● **YOUR OBJECTIVE**
From the listing below, output the lines between the one with "Thumbnail 2 in" and the one with "burnt-orange", including those two, and nothing else. Pictures are not copied.

● **DATA FOR REVIEW**
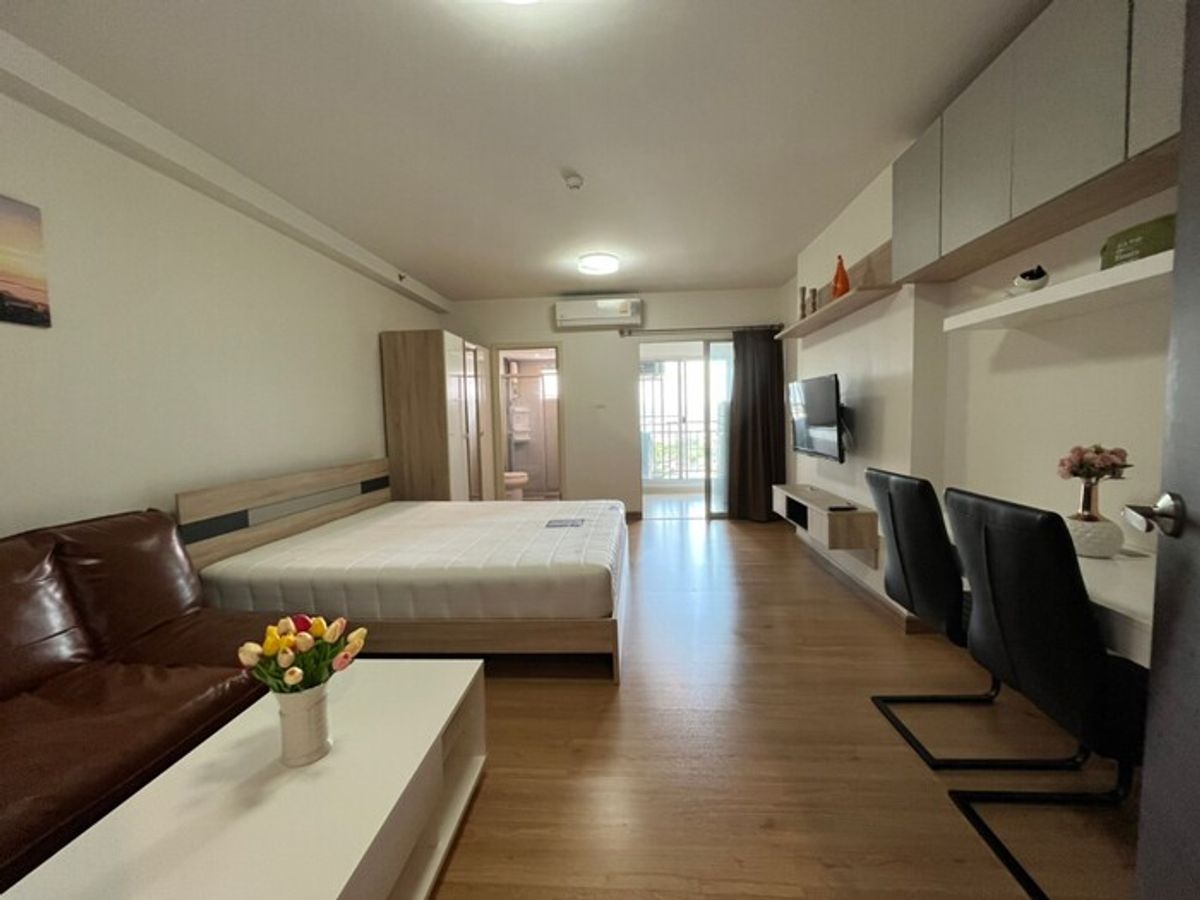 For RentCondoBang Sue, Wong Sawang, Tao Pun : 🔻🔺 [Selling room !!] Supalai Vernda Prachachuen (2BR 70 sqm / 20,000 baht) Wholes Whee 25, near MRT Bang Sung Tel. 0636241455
---
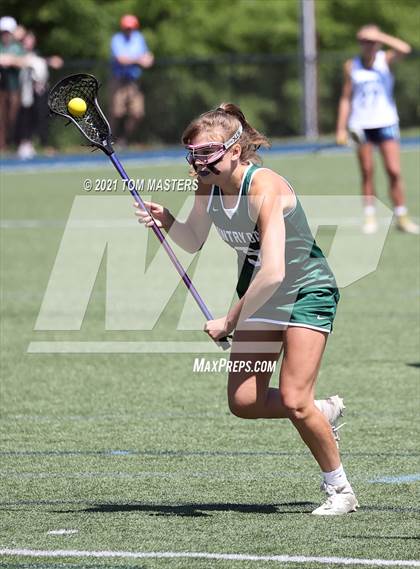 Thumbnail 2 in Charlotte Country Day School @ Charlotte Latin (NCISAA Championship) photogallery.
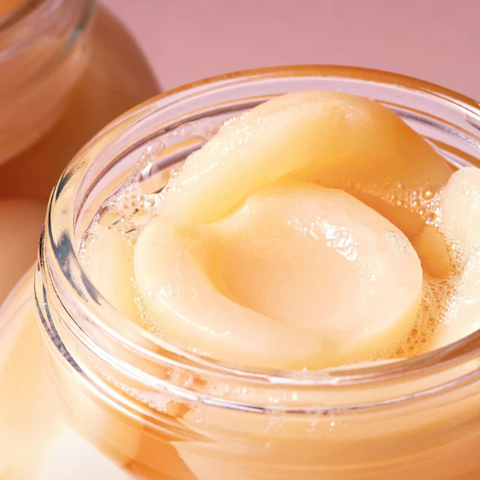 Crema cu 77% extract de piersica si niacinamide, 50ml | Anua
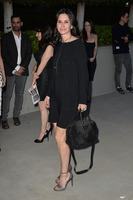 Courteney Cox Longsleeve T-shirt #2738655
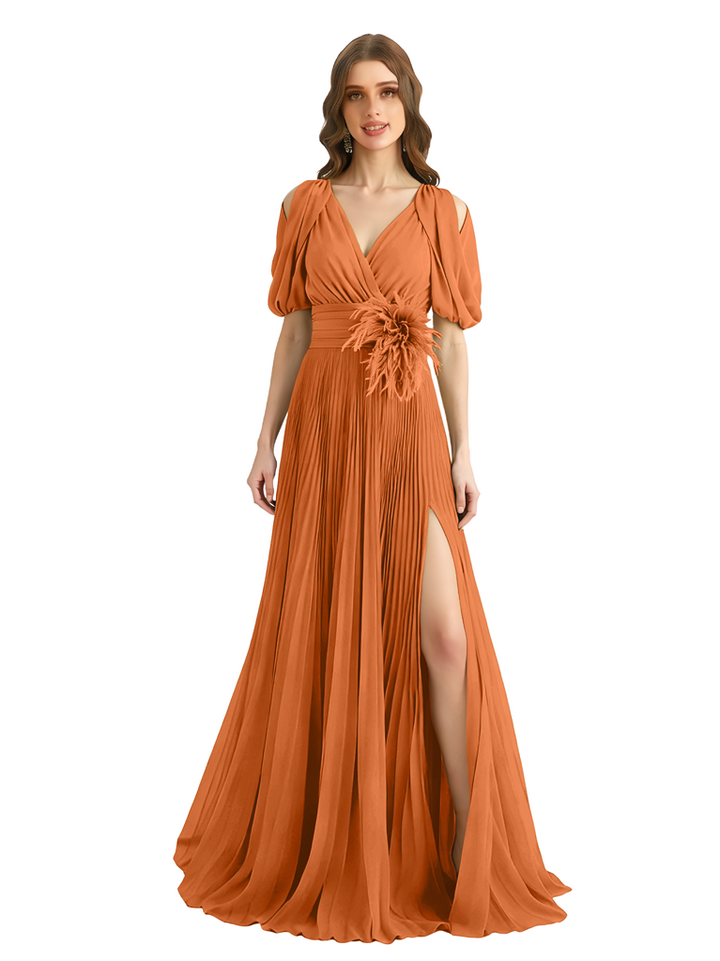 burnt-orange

● **WRITTEN REPLY**
 Thumbnail 2 in Charlotte Country Day School @ Charlotte Latin (NCISAA Championship) photogallery.
 Crema cu 77% extract de piersica si niacinamide, 50ml | Anua
 Courteney Cox Longsleeve T-shirt #2738655
 burnt-orange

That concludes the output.